Comfort foods burning up stressed Briton budgets
Chocolate, nuts and specialty breads among those predicted to see large future increases

October 14, 2004, as reported by British consumers are spending more on comfort foods a total of £920m (US$1.66bn) in 2003, according to a new report from independent market analyst Datamonitor. It is a trend the analysis firm expect to continue well into the future.

“As the pace of life increases, the role for self-indulgence and treating in consumers’ everyday lives is becoming more important, and self-indulgence is a common way of combating the effects of stress,” said Lawrence Gould, consumer markets analyst at Datamonitor and author of the report.

Datamonitor forecasts that consumers’ expenditure on premium indulgence and comfort foods will increase by 27% to £1.2bn in 2008, and the number of premium treats per person per year from 50 in 2003 to 63 in 2008. For manufacturers, the treating occasion represents an opportunity to capitalize on consumers’ desire for quality over value-for-money by focusing new product development and marketing efforts on the indulgence aspects of products.

Chocolate is at the forefront

Chocolate is for many the ultimate stress buster, accounting for 43% of total spent on premium indulgence. Categories showing the greatest growth are snack nuts, juices and bread. Although the market for premium snack nuts is currently very small with an overall value of only £6.2m in 2003, it is forecast to increase by 40%, to almost £9m in 2008. Juices are the second fastest growing category, with forecast sales of £151m by 2008. Bread has also benefited from this self-indulgence trend as consumers have rediscovered bread produced according to artisan, traditional methods, with higher quality ingredients. Many supermarkets now offer a wide variety of premium breads from in-store bakeries. Sales of premium bread are set to increase by a third, from £190m in 2003 to £252m in 2008.

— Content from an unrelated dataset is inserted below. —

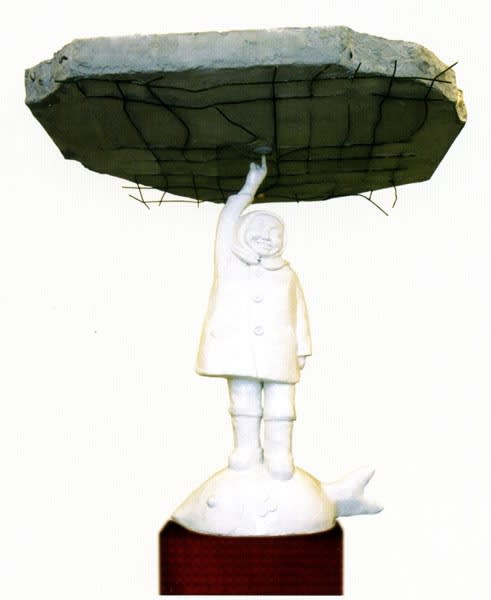 Цепь связей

Premium snacking is a small oasis of 'me time'

Stress and the subsequent need to unwind and relax is one of the main drivers behind the increase in self-indulgent food and drink consumption. Self-indulgent treating fulfils a very important psychological function. Indulging in a premium snack is a self-centered activity, a small moment of relaxation, of “me-time”. Although this applies to snacking generally, it is particularly relevant to premium snacks, which have a higher focus on indulgence, taste, and quality.

Manufacturers can take advantage of this by positioning their products as rewards rather than simply as products that provide functional and tangible benefits. This blurring of consumers’ perception of what constitutes a need and what is merely a desire is becoming part of regular consumption behavior, which is a trend likely to endure since people do not generally cut down on necessities. This suggests healthy growth in this sector for the future.

Gratifying the tastebuds takes higher priority

Despite the growing awareness of the health-related pitfalls of indulgent-snacking, consumers are not generally prepared to abandon the pleasure that they derive from treating themselves. Whereas a higher focus on health can inhibit sales of snacks overall, this does not have the same effect on premium treating.

“Premium treats are not necessarily unhealthy and at any rate are not consumed in the same volumes as standard products. They are primarily selected for their indulgent qualities rather than with any health-related concerns in mind,” said Gould. However, health concerns are limiting the growth in treating occasions, although when consumers do indulge they now opt for higher quality, more indulgent products – a “less of the best” attitude.